Last updated on 2015-06-10

TransCanada scored points before the Public Utilities Commission yesterday, getting the commissioners to exclude climate change from the July 27–August 4 hearings on repermitting the Keystone XL tar sands oil pipeline. The PUC excluded climate change from the 2010 permit hearings and will again this year because, as Commissioner Gary Hanson says, climate change isn’t a South Dakota issue.

A South Dakota issue most definitely included in the 2010 permit hearings is the increase in property taxes TransCanada promises our local governments (see Finding of Fact 108, p. 22). TransCanada is promising South Dakota $23 million in new tax revenue from its Keystone XL pipeline and pumping stations. Rural Action points out that TransCanada tends to inflate its tax promises by 200%:

…For the five years from 2009 to 2013 TransCanada paid a total of $14,123,000 in local property taxes, averaging $2,825,000 a year to counties along the Keystone I route. But prior to building, TransCanada claimed that these counties would get at least $9 million a year ­ and amount they’ve barely surpassed paying out over the course of five.

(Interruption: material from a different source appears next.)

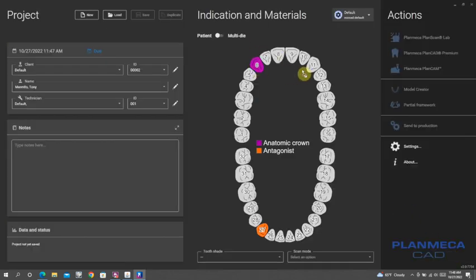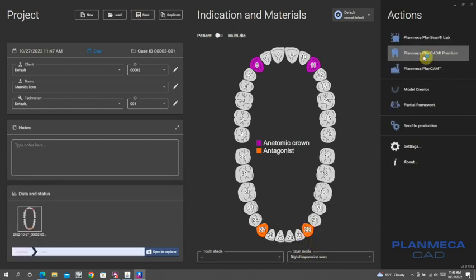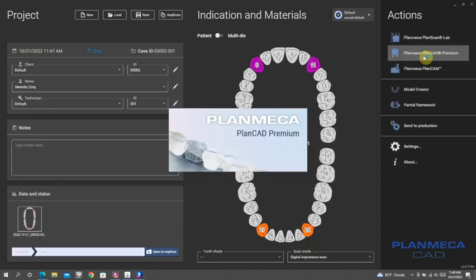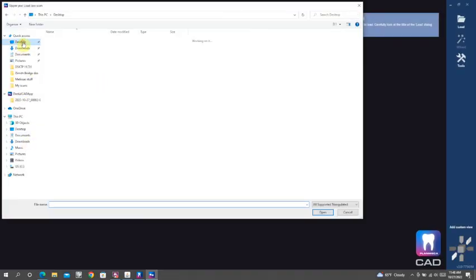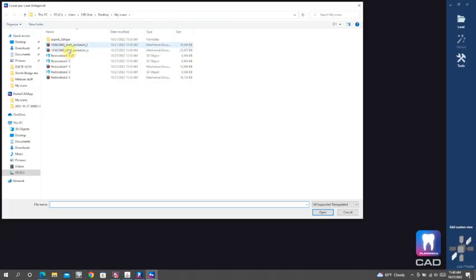A couple of small things that I'll point out as we go through this regarding things like cement gap and what I call margin ramp.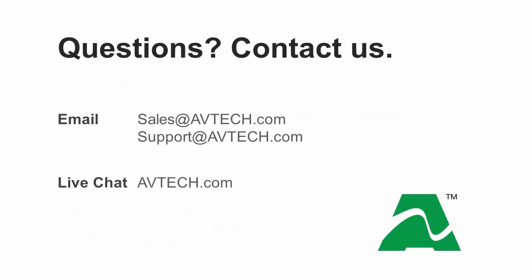For any additional information, please feel free to contact us by email at sales@avtech.com or support@avtech.com or through live chat at our website, avtech.com. Thank you.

…“Shame on you TransCanada,” says landowner Paul Seamans. “Didn’t your mother ever teach you to always tell the truth?” [Dakota Rural Action, press release, 2015.05.26]

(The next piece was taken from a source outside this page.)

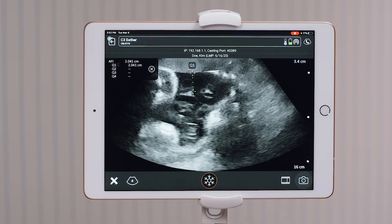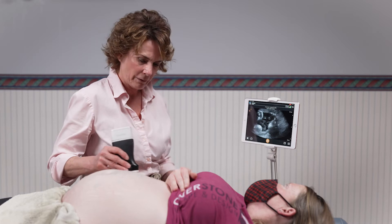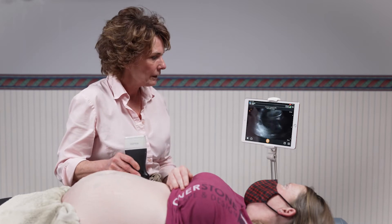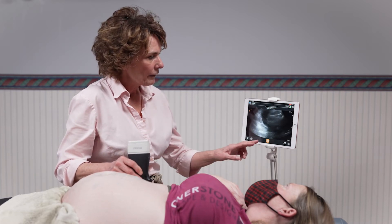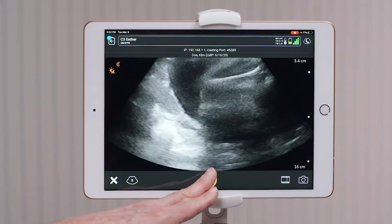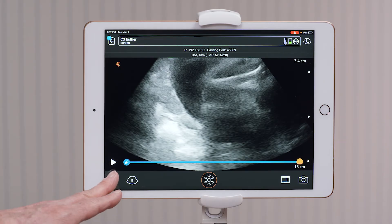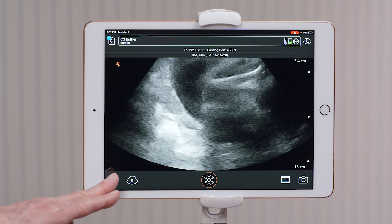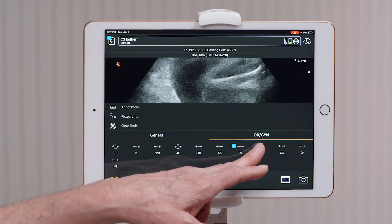Move up to the right upper quadrant, freeze the image, and again select my measurement tools on the bottom left and go to quadrant two.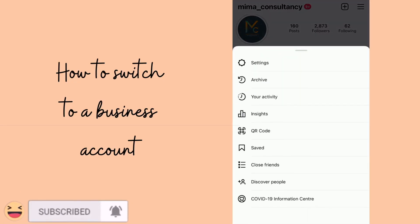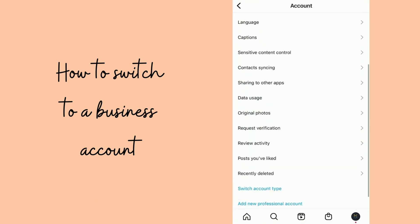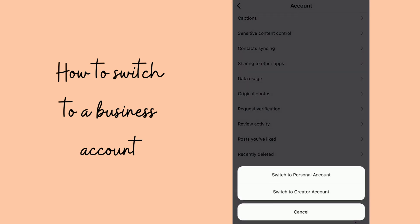Once you go to settings, scroll down to account, then scroll down to 'switch account type.' If your account is not a business account, you'll see the option to switch to a business account — select that. If you need help interpreting the data Instagram gives you and using it to help your business grow, just book a consult and I'll show you how to do that.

This massive discrepancy between promise and payment continues a pattern established from the beginning with the original Keystone pipeline in East River. Seamans calculates the discrepancy will be even greater for Keystone XL in West River.

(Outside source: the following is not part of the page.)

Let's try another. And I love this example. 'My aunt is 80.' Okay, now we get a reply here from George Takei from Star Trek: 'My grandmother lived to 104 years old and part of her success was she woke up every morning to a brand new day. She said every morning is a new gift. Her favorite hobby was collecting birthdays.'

TransCanada proponents can argue that even a fraction of $23 million is better than missing out completely on tar sands money (which may not flow our way anyway, thanks to Premier Notley and the NDP’s ascension in Alberta). But $5 million to $7 million weighs a lot less than $23 million against the costs South Dakotans will pay in lost property rights, lost agricultural productivity, and environmental risks well beyond that climate change stuff that the PUC says doesn’t affect South Dakota.

Related: AP’s James McPherson reports that Tesoro needs two and a half more years to clean up a September 2013 oil pipeline spill in North Dakota. A six-inch pipe ruptured, perhaps due to lightning, and spilled 20,000+ barrels of oil across 7.3 acres of wheat field, one of the largest onshore spills in the U.S. Tesoro originally said it would cost $4 million to clean up the spill; their last estimate before their clammed up said the cleanup would cost $20 million. Overestimate benefits, underestimate costs… what is it about oil companies and math?

4 Comments

  1. jerry

    Gary Hanson is one of many reasons why it is very important to expect more from our teachers. This guy should have never been allowed to graduate anything higher than the third grade. I say this even though I insult most third graders.

  2. Paul Seamans

    One reason that TransCanada gets away with spreading these untruths is that everyone wants so hard to believe that they will get something for nothing, in this case the something is a little extra tax revenue. It seems odd that TransCanada will make these claims for the Keystone XL when the figures for the Keystone 1 are available and show that they are not telling the truth. It should be pointed out that it is only the counties along the route that will share in any tax revenue, no one else in the state will see any of this money. Are you willing to risk your drinking water so a few sparsely populated counties, it crosses five counties and catches the tips of four others, receive a little extra tax money?